CDC Basics
Change Data Capture is a technique for capturing every INSERT, UPDATE, and DELETE that happens in a database and streaming those changes in real-time to other systems.
Instead of polling a table with "any new rows?", CDC subscribes to the database's transaction log (the WAL in Postgres) and receives changes as they happen — with millisecond latency and near-zero overhead on the database.
Polling#
You repeatedly ask the DB: "is there anything new?"
t=0s: Poller: any new rows? → DB: no
t=5s: Poller: any new rows? → DB: no
t=10s: Poller: any new rows? → DB: yes, 3 rows → publish
t=15s: Poller: any new rows? → DB: no
Problems: - Wasted DB queries when nothing is new - Up to N seconds latency (polling interval) - DB load scales with polling frequency, not with actual data volume
Tailing (CDC)#
You subscribe once. The DB pushes changes to you as they happen.
t=10:00:00.001: row inserted → CDC receives it instantly → publish
t=10:00:05.234: row inserted → CDC receives it instantly → publish
(no unnecessary queries in between)
Think of it like: - Polling = refreshing your email inbox every 5 seconds - Tailing = push notification — email arrives, you're notified instantly
The WAL — Write-Ahead Log#
Every DB write in Postgres first gets written to the WAL (Write-Ahead Log) before being applied to the actual tables.
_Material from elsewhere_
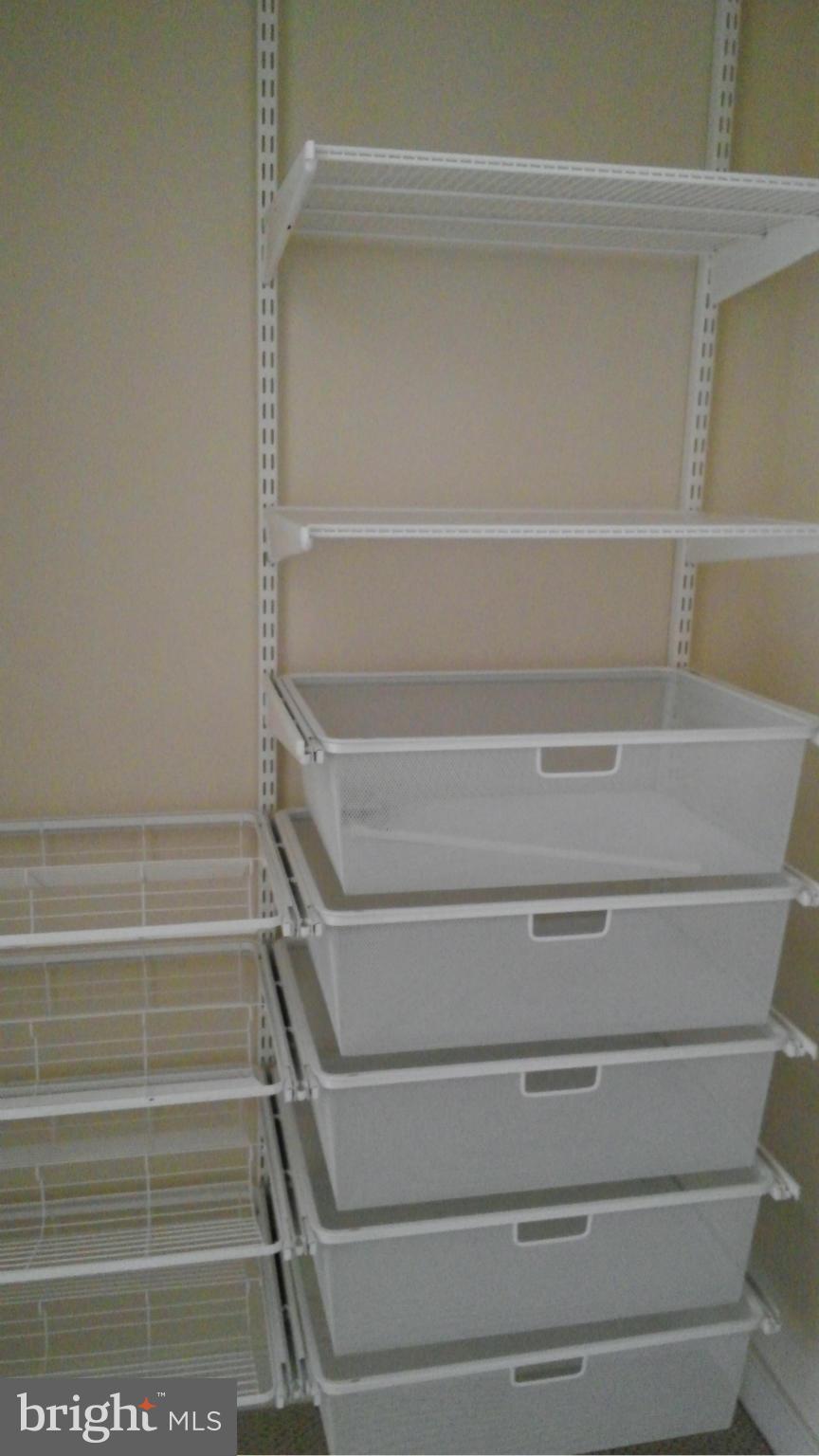 HAWTHORN - Residential Lease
This is how Postgres guarantees crash recovery — if it crashes mid-write, it replays the WAL on startup.
App writes order_123
↓
WAL entry appended: "INSERT orders (123, created, 49.99) at LSN 0/1A2B3C"
↓
Data applied to orders table
The WAL is a sequential, append-only log of every single change to the DB. It already exists — CDC just reads it.
How CDC Reads the WAL#
Postgres has a feature called logical replication — the same mechanism it uses to replicate data to read replicas.
CDC tools connect to Postgres using logical replication and receive WAL changes in real-time:
graph TD
APP[App Service] -->|write| PG[(Postgres)]
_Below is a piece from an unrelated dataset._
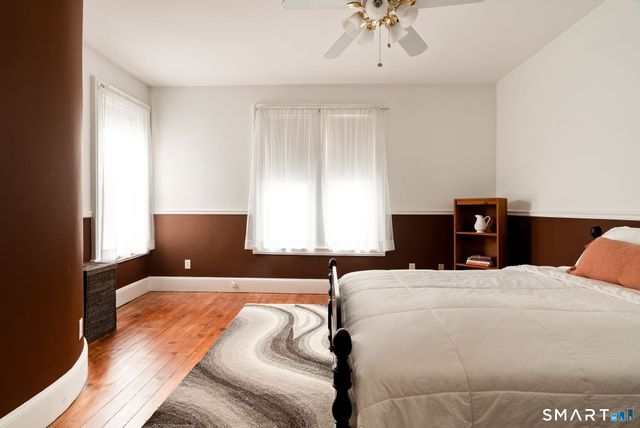 1542 Main Street, Glastonbury, CT 06033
PG -->|WAL entry| WAL[Write-Ahead Log]
WAL -->|logical replication\nsame as read replica| CDC[CDC Tool\ne.g. Debezium]
CDC -->|publish| K[Kafka]
style WAL fill:#4a9,color:#fff Key point: Postgres doesn't write to CDC — CDC reads from WAL via logical replication. Zero extra write overhead on Postgres.
What CDC Captures#
CDC captures every change at the row level:
INSERT: { op: "c", table: "outbox", after: { id: 1, event_type: "OrderCreated", ... } }
UPDATE: { op: "u", table: "outbox", before: { published: false }, after: { published: true } }
DELETE: { op: "d", table: "orders", before: { order_id: 123 } }
You can filter to only capture the tables you care about (e.g., just the outbox table).
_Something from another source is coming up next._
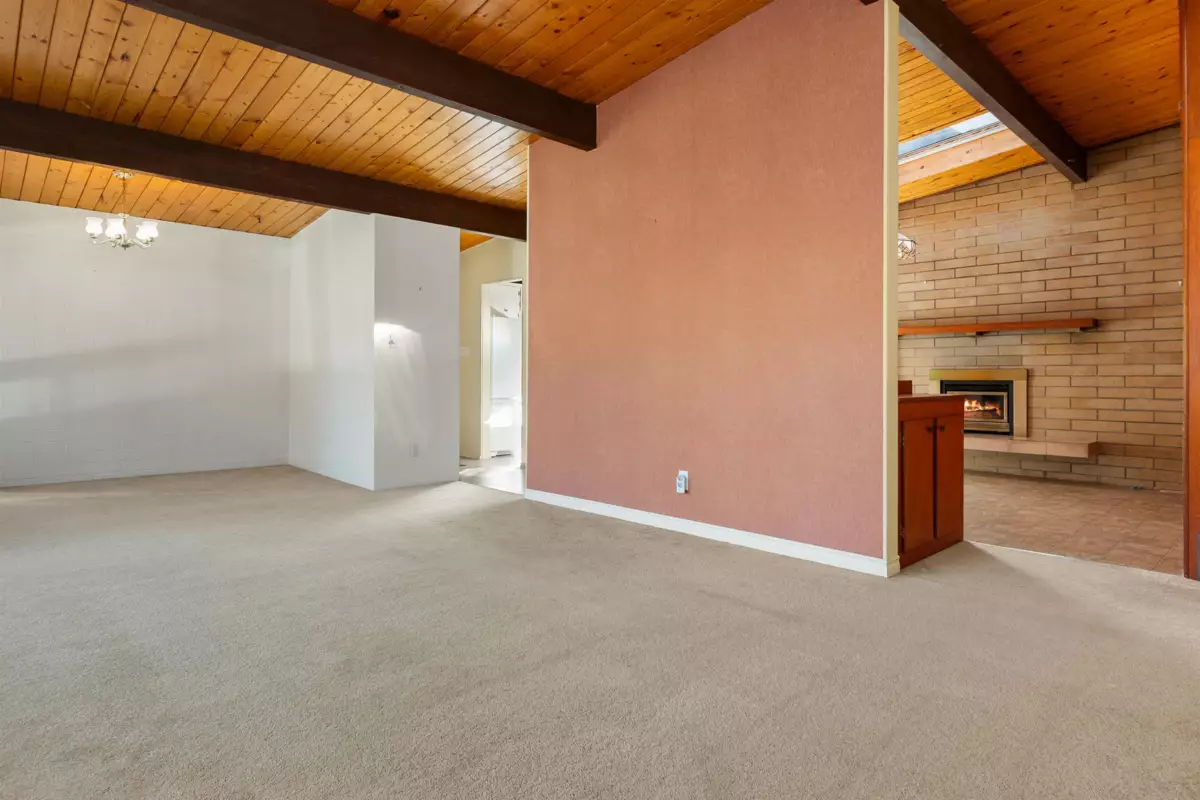 Guest Bathroom Photo of 560 Wardle Street, Hope, BC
CDC vs Polling Comparison#
| Polling | CDC | |
|---|---|---|
| Latency | Up to N seconds | Milliseconds |
| DB overhead | Queries every N seconds | Near zero (reads WAL) |
| Complexity | Simple to implement | Requires CDC tool setup |
| Missed events | Possible if polling gaps | None (WAL is complete) |
| Use case | Low-throughput, simple systems | High-throughput, real-time |
Key Insight#
CDC is not polling with a shorter interval — it's a fundamentally different mechanism. Polling adds load proportional to frequency. CDC adds near-zero load because it piggybacks on the WAL that Postgres was already writing for crash recovery.